Nor is increasing awards to compensate a viable option. “In the US, many awards are set by juries and they award more because they know lawyers are taking a percentage. But the victim still ends up with only a proportion of the true loss.”

That, he says, means justice will not be properly done. “As a matter of logic, there comes a time when the fund for care runs out. Who, then, pays for that person's care?”

He says the principle of insurance as a tool for loss distribution should be carefully considered. “One might look at the question of corporate responsibility. If a corporation has a poor record of industrial safety, shouldn't it attract a substantially enhanced premium?”

Another approach to working the evolving system is to settle strong claims at an early stage. “The overall bill is kept down, as a lot of expensive costs, such as experts' fees, have been avoided,” he says, noting that “many progressive elements in the world of insurance are already adopting that approach”.

Equally, insurers should not roll over and give up their right to justice. “When insurers form the view that a claim is not genuine, or that it is inflated, their duty is to stand and fight it, because to do so is in the interest of the premium-paying public.”
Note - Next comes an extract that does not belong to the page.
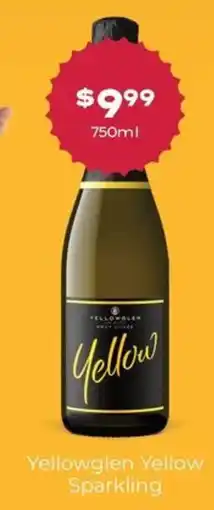Thirsty Camel Yellowglen Yellow Sparkling offer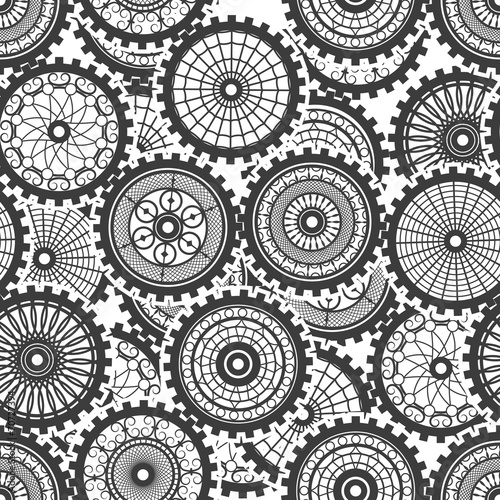 the gears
He also sees challenges for personal injury barristers who, typically, work on both sides of the courtroom, for claimants and for defendants. “How do we deliver high quality services, at reasonable prices, without unnecessary litigation?” he asks. “That is what I want to address. Maybe we can make more use of mediation and structured settlements and cut down on some of the paper work that goes with these claims.”

In the end, it comes down to justice. “Every litigant wants, in the end, fair compensation within a sensible time frame. I would like to help deliver that.” He says if the professions, the insurance industry and the government work together, it could be possible.